Sports

Late swing doesn't go Padres' way this time in loss to Cardinals

Rodolfo Duran of the San Diego Padres at bat during the third inning against the St. Louis Cardinals at Petco Park on Thursday, May 7, 2026, in San Diego. (Sean M. Haffey/Getty Images/TNS)
Rodolfo Duran of the San Diego Padres at bat during the third inning against the St. Louis Cardinals at Petco Park on Thursday, May 7, 2026, in San Diego. (Sean M. Haffey/Getty Images/TNS) TNS

SAN DIEGO - Michael King continued to trend toward being the ace the San Diego Padres need him to be.

But the Padres continued to be stymied by an opposing starting pitcher, leaving little margin for things not to go exactly right.

When they did not on Thursday night, the Padres lost 2-1 to the St. Louis Cardinals in the opener of a four-game series at Petco Park.

The Padres had a quality start thrown against them for the 18th time in 37 games, this one by left-hander Matthew Liberatore, and totaled a season-low three hits for the third time in their past eight games.

The Cardinals broke a 1-1 tie by scoring against Bradgley Rodriguez in the seventh inning. Jordan Walker's double landed just fair down the left-field line, and a triple down the right-field line by Masyn Winn got past a sliding Nick Castellanos and scored Walker.

Castellanos started in right field because Fernando Tatis Jr. was at second base while left-handed-hitting Sung-Mun Song sat against the lefty starter.

The Padres could not pull off what has seemed for much of the season's first six weeks to be their customary late-inning dramatic victory.

It was the first time in five games in which they were tied after six innings that the Padres lost. Half of their 22 victories have come when they scored the deciding run in the seventh inning or later.

But after Tatis was thrown out trying to steal second base following a single that led off the seventh inning against reliever George Soriano, the Padres' final eight batters were retired.

The night began unconventionally for the Padres, who scored a first-inning run for just the fourth game this season. And they did so with help from their two struggling stars.

With two outs, Manny Machado drew a walk and Tatis lined a single into left-center field.

That led to a run, because Xander Bogaerts again got an RBI on a swing he didn't mean to make.

Bogaerts, who on Sunday drove in the winning run on a check-swing infield single that bounced off the plate and traveled about 75 feet, pulled off something similar but very different on Thursday night.

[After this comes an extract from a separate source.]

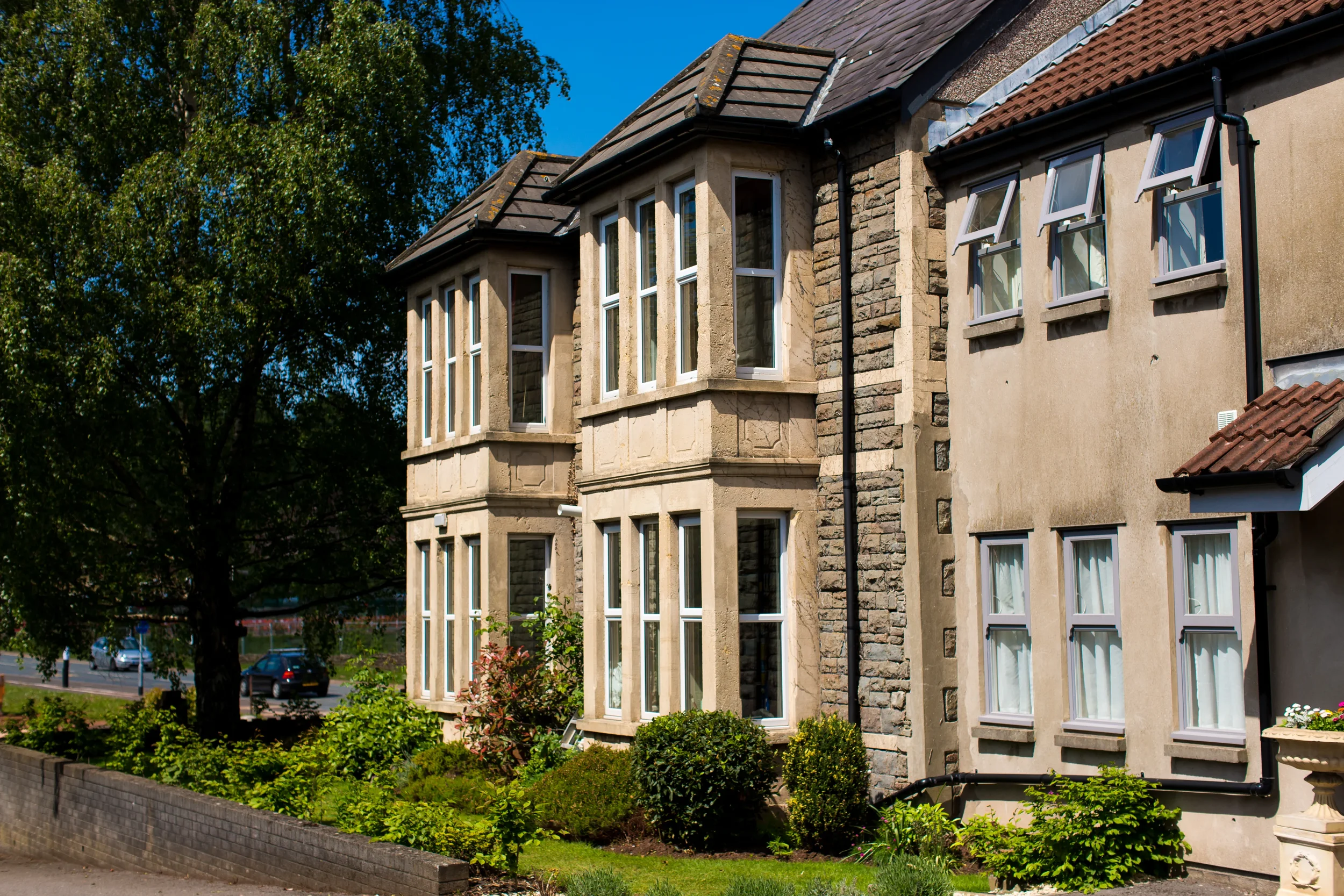 A multi-story residential building with bay windows and a beige stucco exterior surrounded by green bushes and trees.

He halted his swing a little more than midway through on a 95 mph fastball well above the zone and had the ball travel 264 feet to right field, where it bounced in front of Walker, the Cardinals' right fielder, as Machado ran home.

The Padres' lead held until the fourth inning, when King left a changeup a little higher than he would have liked and Alec Burleson lined it to the seats beyond right field.

It was the only hit King allowed in his six innings, as he recorded his fourth quality start in his past six outings and lowered his season ERA to 2.76 over eight starts (452/3 innings).

The Padres would not get another hit until Miguel Andujar's two-out single in the sixth inning, which Liberatore completed on a total of 81 pitches.